Движение политического сыска «по цепочке» информаторов напоминало древнюю практику так называемого «свода», когда с вещью, которую считали краденой, ходили от покупателя к продавцу. Так продолжалось до тех пор, пока не добирались до человека, который не мог указать на продавца. Тогда на него падало подозрение в краже этой веши (677, 598). Однако в делах о «непристойных словах» найти конца «цепочки» никогда не удавалось, как и в позднейшее время не удавалось обнаружить авторов антиправительственных анекдотов, это было одним из ярчайших выражений vox populus.
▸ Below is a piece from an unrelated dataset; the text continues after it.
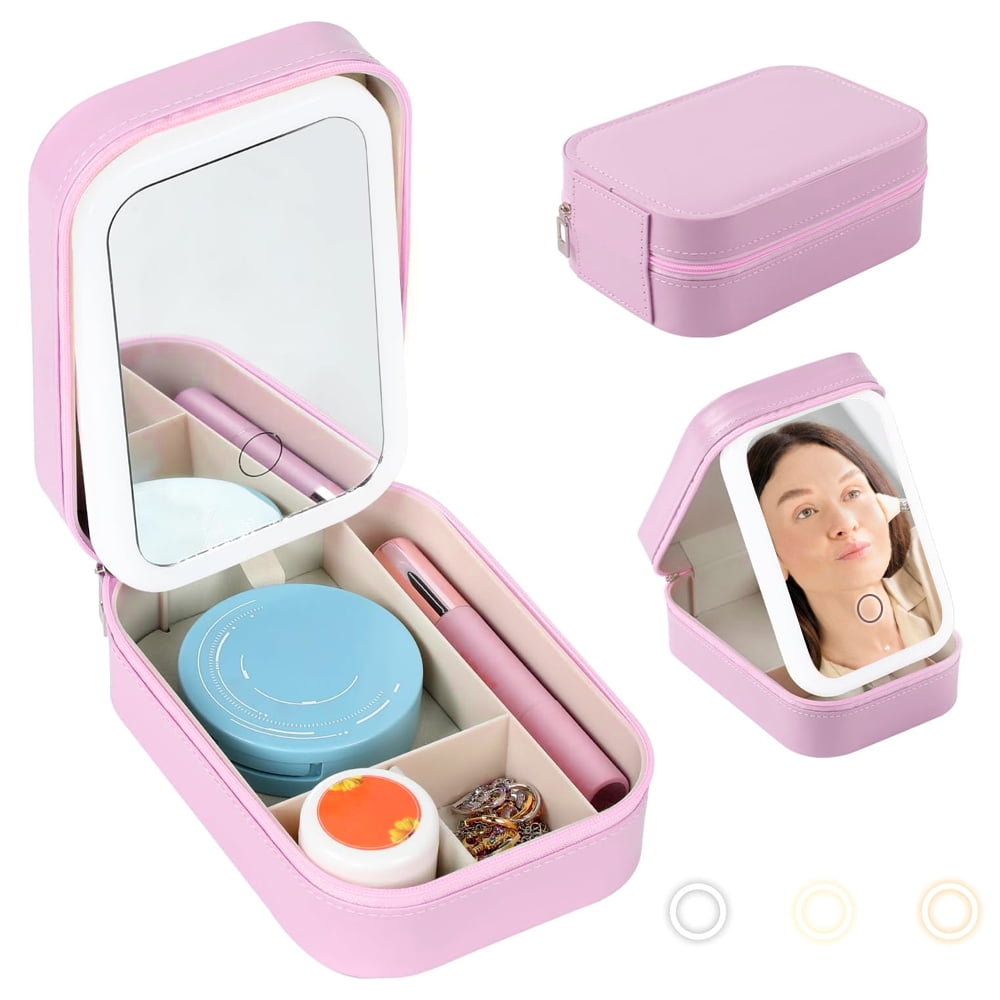 Ouwald Makeup Bag With Led Mirror, Travel Makeup Case with 3-Color Adjustable Light Mirror, 1200mAh Rechargeable LED Makeup Mirror Organizer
Поэтому следователям волей-неволей приходилось обрывать «цепочку сплетников». Иначе они рисковали навечно затянуть дело или арестовать полстраны. Сыск формально удовлетворялся теми объяснениями, которые давали подследственные: «Слышал от прохожего человека, а кто он — не ведаю», или «Слышал от вышеписанных двух человек, а где их сыскать — не знает», или «Слышал от разных неизвестных людей»; «Слышал от проезжих крестьян»; «Слышал он в народной молве», «Слышал в народной молве, а от кого — не знает» (88, 249; 8–1, 146–147, 307 об., 357, 360).
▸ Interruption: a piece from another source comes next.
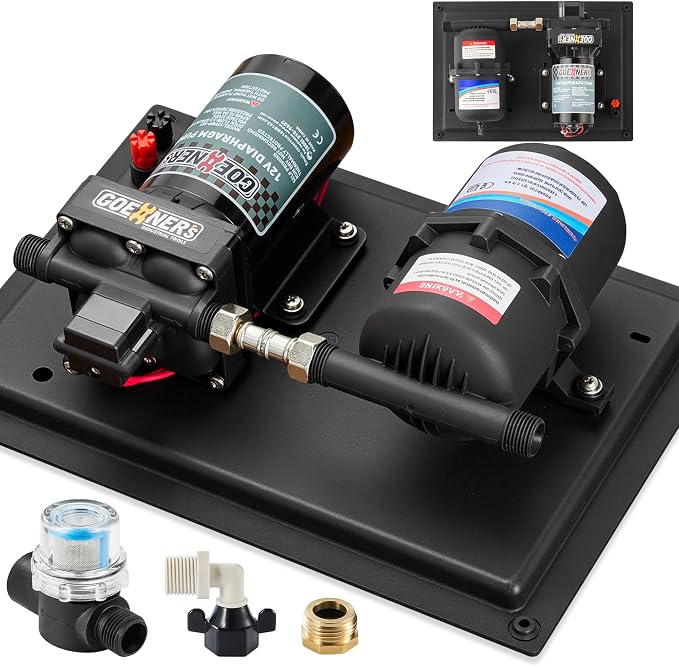 [Upgraded Version] RV Fresh Water Pump with 0.75L 125PSI Pre-Pressurized Accumulator Tank, 12V DC Water Pump, 6GPM 70PSI Self-Priming Diaphragm Pump with Pressure Switch and Strainer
Почти в каждом политическом деле мы найдем объяснения раскаявшимся преступником причин совершенного им преступления. После пыток нераскаявшихся подследственных, как правило, не оставалось. Исключением являлись только те из них, которые умирали во время следствия. Когда же преступник «винился», то объяснения причин преступления в записи сыска были настолько однотипны, клишированны, что это наводит на мысль о большой «редакторской» работе следователей с показаниями подследственных. Отчетливо выделяются семь типов штампов-объяснений, которые давали те люди, кто говорил «непристойные слова» о государе или обвинялся в произнесении ложного «Слова и дела» (см. 8, 42, 44, 53, 66, 88).
Тип 1. «Те слова он затеял, умысля собой», «Затеял слова напрасно, вымысля собою», «Вымысля от себя», «Поклепал напрасно, собою», «Затеял собой, напрасно»; «Затеял, выдумав собою, ложно». Такое объяснение предполагало отсутствие сообщников, позволяло избежать обвинения в «скопе», вопросов о том, «кто его научал и с кем он имел в том согласие?».
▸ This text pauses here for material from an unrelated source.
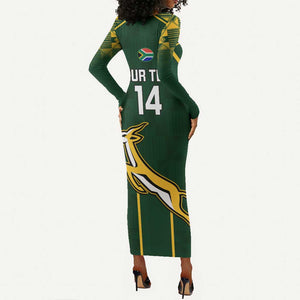 Custom South Africa Rugby Long Sleeve Bodycon Dress Go Champions Springboks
Тип 2. «Говорил он собою, спьяна», «Говорил в шумстве», «сказывал во пьянстве», «Сказывал в пьянстве», «Говорил он пьяной», «Говорил он во пьянстве с проста»; «Говорил он собою во пьянстве, с проста»; «Говорил во пьянстве, а не с умыслу», «Затеял собой в пьянстве». В дополнение к этому типу довольно часто пояснялось: «Непристойные бранные слова в том своем пьянстве он… и говорил, токмо у трезвого в мысли у него не было» или «Был пьян и незнаемо к чему говорил», «Говорил за пьянством, не упомнит».
Особенно часты были ссылки на чрезмерность, неумеренность пьянства, ставшего причиной «непристойных слов»: «Говорил (или «затеял». — Е А)с безмерного пьянства», «Говорил в безмерном своем пьянстве и в беспамятстве»; «То все чинил ли того, за безмерным своим пьянством, не упомнит»; «Поклепал напрасно от многова своего пьянства». Каменщик Иван Лябзин в 1732 г. обвинялся в кричании ложного «Слова и дела». На следствии он говорил, что пьет он недели по две-три запоем и «случается с ним страх и безумство», от чего он и «кричал неведомо зачем Слою и дело»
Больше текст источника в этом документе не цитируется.